The analyses described in the previous paragraph treat d and w as uncorrelated quantities. However, as the careful analysis in Section 3.1 of the present paper shows, there is a strong anticorrelation between the estimated values of d and w, such that their sum (d + w) is quite tightly constrained. The dotted and dashed curves in Figure 4 correspond to (d + w) = 90 and 80 μas, or equivalently R_app = 9M and 8M, respectively. Clearly, from this analysis, R_app < 8M is a safe upper limit (at about 95% confidence).

To be very safe, we choose as a conservative upper limit on the apparent radius of a surface in Sgr A* R_app < 9M. For a Schwarzschild spacetime, gravitational deflection of rays causes the apparent radius of a spherical surface as viewed by an observer at infinity to be larger than the true areal radius R_*. The relation between the two is

$$\begin{eqnarray}\begin{array}{rcl}{R}_{\mathrm{app}} & = & 3\sqrt{3}M,\qquad \qquad \qquad {R}_{* }\leqslant 3M,\\ & = & {R}_{* }{\left(1-\displaystyle \frac{2M}{{R}_{* }}\right)}^{-1/2},\,{R}_{* }\gt 3M.\end{array}\end{eqnarray} \tag{ 8 }$$

Our upper limit, R_app < 9M, then corresponds to R_* < 8M. In the discussion below, we consider the full range of allowed R_* values, from the event horizon radius R_H = 2M to the upper limit, namely, 2M < R_* ≤ 8M.

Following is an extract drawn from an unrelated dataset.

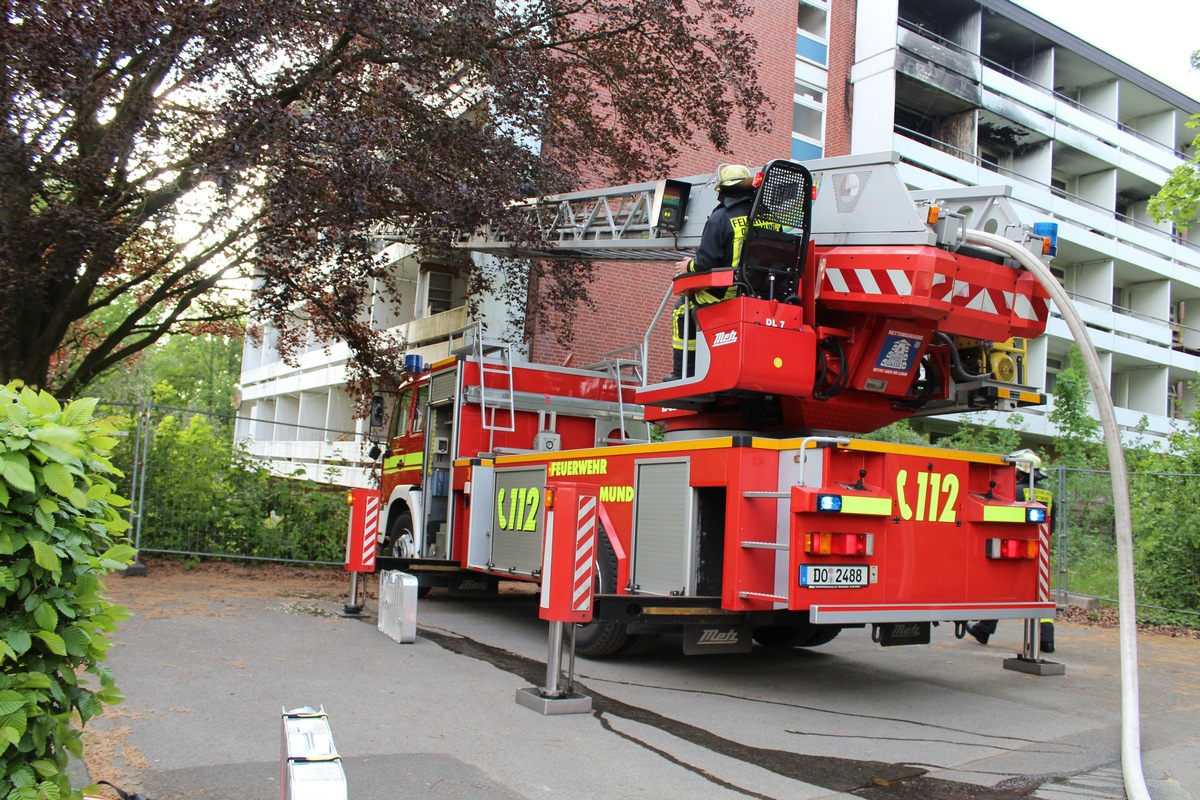 FW-DO: Feuer in leerstehendem Krankenhaus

4.1.2. Predicted Spectrum of Surface Radiation

Paper V discusses hot accretion flow models of Sgr A* based on extensive GRMHD simulations. The models indicate that the mass accretion rate in Sgr A* is typically $\dot{M} \tilde {10}^{-8}\,{M}_{\odot }\,{\mathrm{yr}}^{-1}$ (similar to estimates reported in, e.g., Falcke et al. 1993; Yuan et al. 2003; Chael et al. 2018; Ressler et al. 2020), but with a broad distribution that extends from ${\dot{M}}_{\min } \tilde {10}^{-9}\,{M}_{\odot }\,{\mathrm{yr}}^{-1}$ to ${\dot{M}}_{\max } \tilde {10}^{-6}\,{M}_{\odot }\,{\mathrm{yr}}^{-1}$. The models at the lower end of this range are actually ruled out by various constraints (see Paper V); nevertheless, we stick to ${\dot{M}}_{\min }={10}^{-9}\,{M}_{\odot }\,{\mathrm{yr}}^{-1}$ as a safe and conservative lower limit on the mass accretion rate. Equations (6) and (7), combined with our upper limit on R_*, then show that the surface luminosity measured at infinity must be ≳10³⁷ erg s⁻¹.

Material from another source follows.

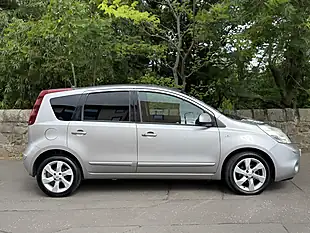 Used 2011 Nissan Note Tekna Silver - Interior and Exterior details 3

Meanwhile, we know that the hot accretion flow in Sgr A* produces synchrotron radiation at submillimeter wavelengths with a luminosity ∼5 × 10³⁵ erg s⁻¹, shown by the green curves in Figure 14. Even in the absence of any independent estimate of $\dot{M}$, just the fact that accretion results in this much radiation implies a certain minimum energy flow onto the surface. Since the accreting gas generally moves radially inward, relativistic beaming causes more radiation to impinge on the central object compared to what escapes to infinity. Thermalization of this infalling radiation would then give a surface luminosity greater than ¹⁵² 5 × 10³⁵ erg s⁻¹. Any additional energy released by the mechanical and thermal energy of the infalling gas (this is expected to dominate in most scenarios) would further increase the surface luminosity. We therefore treat 5 × 10³⁵ erg s⁻¹ as an even more conservative lower bound on the surface luminosity of Sgr A* than that discussed in the previous paragraph.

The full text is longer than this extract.